可以看到一开始通过指定 host 和 port 初始化了一个大小为 100 的 hbase 连接池。使用 with 关键词从池子里取出了一个连接,通过这个连接我们可以完成对 hbase 的 CRUD 操作。知道怎么使用是远远不够的,遇到一些复杂问题可能会无从下手,所以看了下 happybase 连接池的源码,了解了连接池是怎么对 hbase 的连接进行管理的。

class ConnectionPool(object):
    """
    Thread-safe connection pool.

    .. versionadded:: 0.5

    The `size` argument specifies how many connections this pool
    manages. Additional keyword arguments are passed unmodified to the
    :py:class:`happybase.Connection` constructor, with the exception of
    the `autoconnect` argument, since maintaining connections is the
    task of the pool.

    :param int size: the maximum number of concurrently open connections
    :param kwargs: keyword arguments passed to
                   :py:class:`happybase.Connection`
    """
    def __init__(self, size, **kwargs):
        if not isinstance(size, int):
            raise TypeError("Pool 'size' arg must be an integer")

        if not size > 0:
            raise ValueError("Pool 'size' arg must be greater than zero")

        logger.debug(
            "Initializing connection pool with %d connections", size)

        self._lock = threading.Lock()
        self._queue = queue.LifoQueue(maxsize=size)
        self._thread_connections = threading.local()

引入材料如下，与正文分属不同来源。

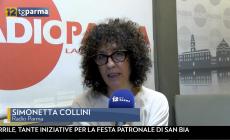 Sanremo, Simonetta Collini  (Radio Parma): "La classifica è equilibrata e giusta. Livello artistico medio e poca originalità. Amadeus è il vero vincitore"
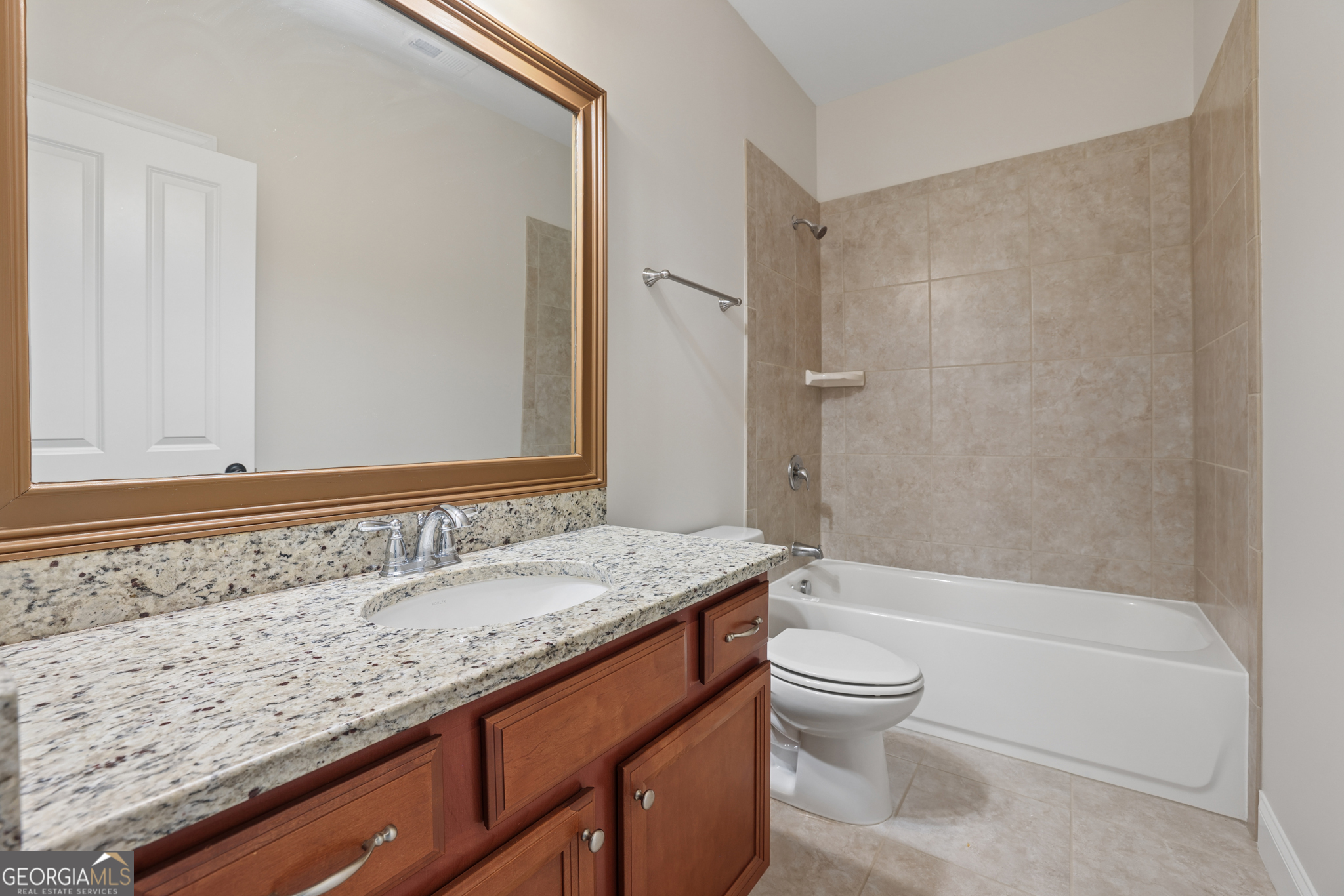 6195 Read Road Suwanee GA 30024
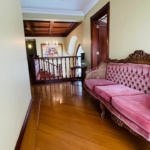 WhatsApp Image 2026-02-25 at 9.05.12 PM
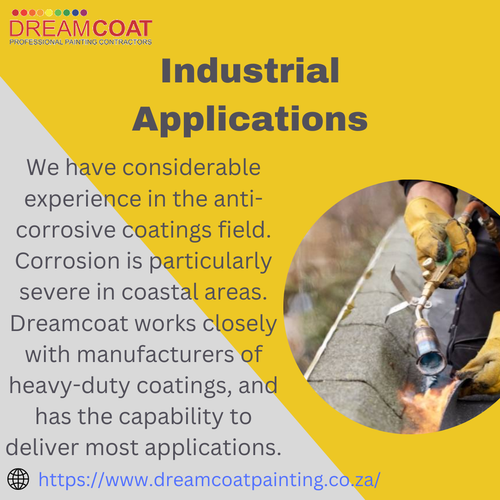 Industrial Applications.png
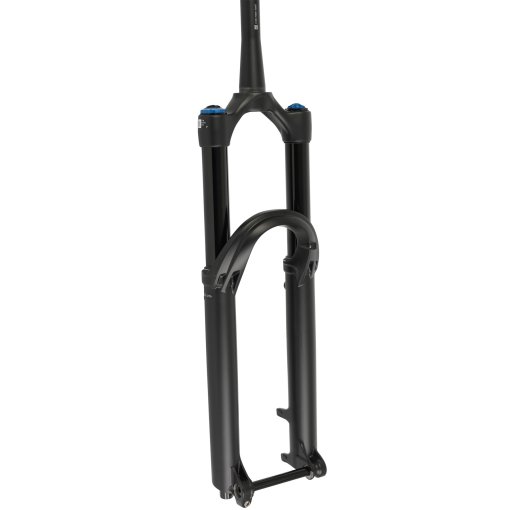 Kuva tuotteesta FOX 38 Float GRIP2 Performance Elite 29&quot; joustohaarukka – 170 mm – kartiomainen – 15x110 mm Boost – 44 mm offset - musta/harmaa - Erikoistarjous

        connection_kwargs = kwargs
        connection_kwargs['autoconnect'] = False

        for i in range(size):
            connection = Connection(**connection_kwargs)
            self._queue.put(connection)

        # The first connection is made immediately so that trivial
        # mistakes like unresolvable host names are raised immediately.
        # Subsequent connections are connected lazily.
        with self.connection():
            pass

    def _acquire_connection(self, timeout=None):
        """Acquire a connection from the pool."""
        try:
            return self._queue.get(True, timeout)
        except queue.Empty:
            raise NoConnectionsAvailable(
                "No connection available from pool within specified "
                "timeout")

    def _return_connection(self, connection):
        """Return a connection to the pool."""
        self._queue.put(connection)

    @contextlib.contextmanager
    def connection(self, timeout=None):
        """
        Obtain a connection from the pool.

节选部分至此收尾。